# Cannot get items to show in gallery.



## ef_n_dirtysouth (Jul 29, 2011)

I have plenty of image files on my SD card. Yet none of them show up on my gallery. It is completely empty. I take new photos and they stay there for a day or so; or until I reboot my phone. Here has got to be someone on this forum that can assist.

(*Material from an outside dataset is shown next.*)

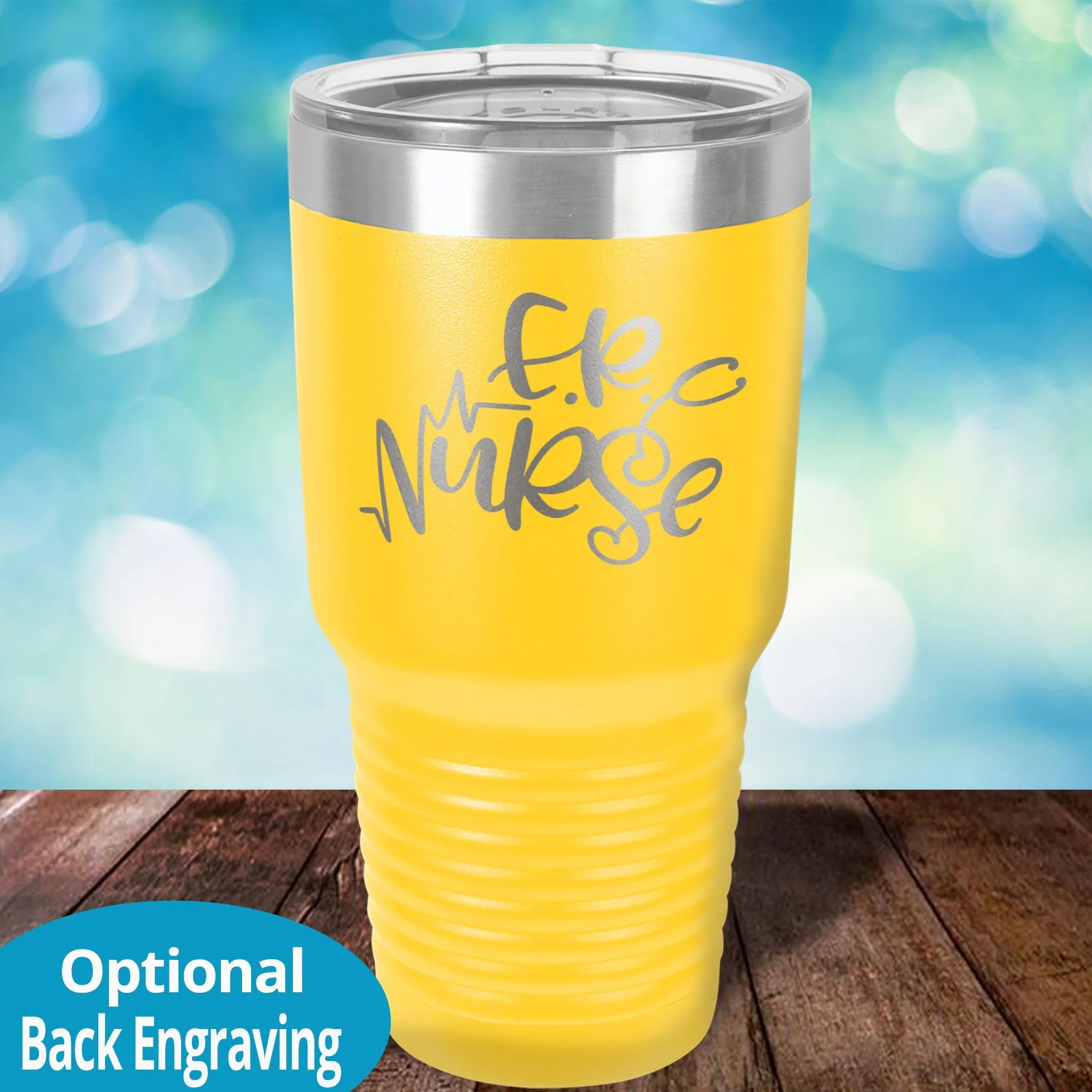 Personalized Laser Etched Tumbler | ER Nurse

Sent from my ADR6400L using Tapatalk


----------



## sting5566 (Jun 7, 2011)

ef_n_dirtysouth said:
 

> I have plenty of image files on my SD card. Yet none of them show up on my gallery. It is completely empty. I take new photos and they stay there for a day or so; or until I reboot my phone. Here has got to be someone on this forum that can assist.
> 
> Sent from my ADR6400L using Tapatalk


First question I have is which ROM are you runnning that you are having issues?


----------



## monky_1 (Aug 26, 2011)

Refresh your SD card. Or remount the SD card.


----------



## thisismalhotra (Sep 14, 2011)

monky_1 said:


> Refresh your SD card. Or remount the SD card.


+ 1
Unmount the sd card and remount

Sent from my ADR6400L using Tapatalk


----------



## z0mbiexx (Jun 7, 2011)

Make sure there isn't a .nomedia file in the directory with the images as well.


----------



## Jaxidian (Jun 6, 2011)

It's not a true fix, but give QuickPic a try. I NEVER use the gallery anymore - this is so much faster and it just works well.


----------



## ef_n_dirtysouth (Jul 29, 2011)

Jaxidian said:


> It's not a true fix, but give QuickPic a try. I NEVER use the gallery anymore - this is so much faster and it just works well.

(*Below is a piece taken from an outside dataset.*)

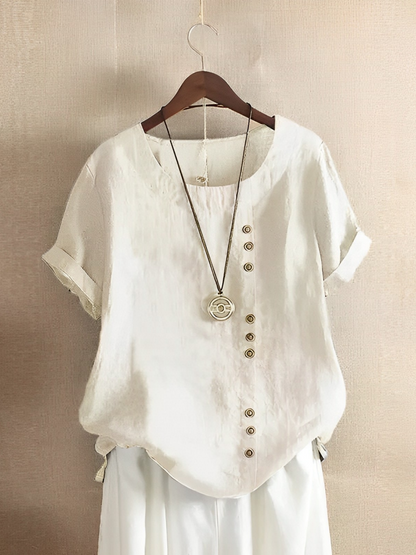 Women's Cotton Linen Short Sleeve - VibreMode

Tried this has to show hidden for it to work......

Sent from my ADR6400L using Tapatalk


----------



## ef_n_dirtysouth (Jul 29, 2011)

If I format my SD card am I going to have to redo my entire phone setup?

Sent from my ADR6400L using Tapatalk


----------



## Nick.Tbolt (Aug 14, 2011)

ef_n_dirtysouth said:


> If I format my SD card am I going to have to redo my entire phone setup?
> 
> Sent from my ADR6400L using Tapatalk


Don't format just unmount then mount again

Sent from my ADR6400L using Tapatalk


----------



## ef_n_dirtysouth (Jul 29, 2011)

Nick.Tbolt said:


> Don't format just unmount then mount again
> 
> Sent from my ADR6400L using Tapatalk


did that nothing happened......... thanks though


----------



## the kid escobar (Jul 17, 2011)

If you reformat you will lose all contents in your SD card.

Sent from my ADR6400L using Tapatalk


----------



## defcon888 (Sep 28, 2011)

Download from the market (FREE), called "SDrescan". It simplies rescans/refreshes your SD card.


----------



## ef_n_dirtysouth (Jul 29, 2011)

defcon888 said:


> Download from the market (FREE), called "SDrescan". It simplies rescans/refreshes your SD card.


yeah that didnt work either


----------



## iryman (Jul 17, 2011)

Not sure why it does it either! but I put my pictures in the folder my_pix. Works just gotta transfer them every once in a while


----------



## ef_n_dirtysouth (Jul 29, 2011)

i plugged my phone into my computer and there was .nomedia file on the root of the sd card. i deleted that and now i have all of my media in my gallery i want to thank everyone for all their help it is greatly appreaciated.


----------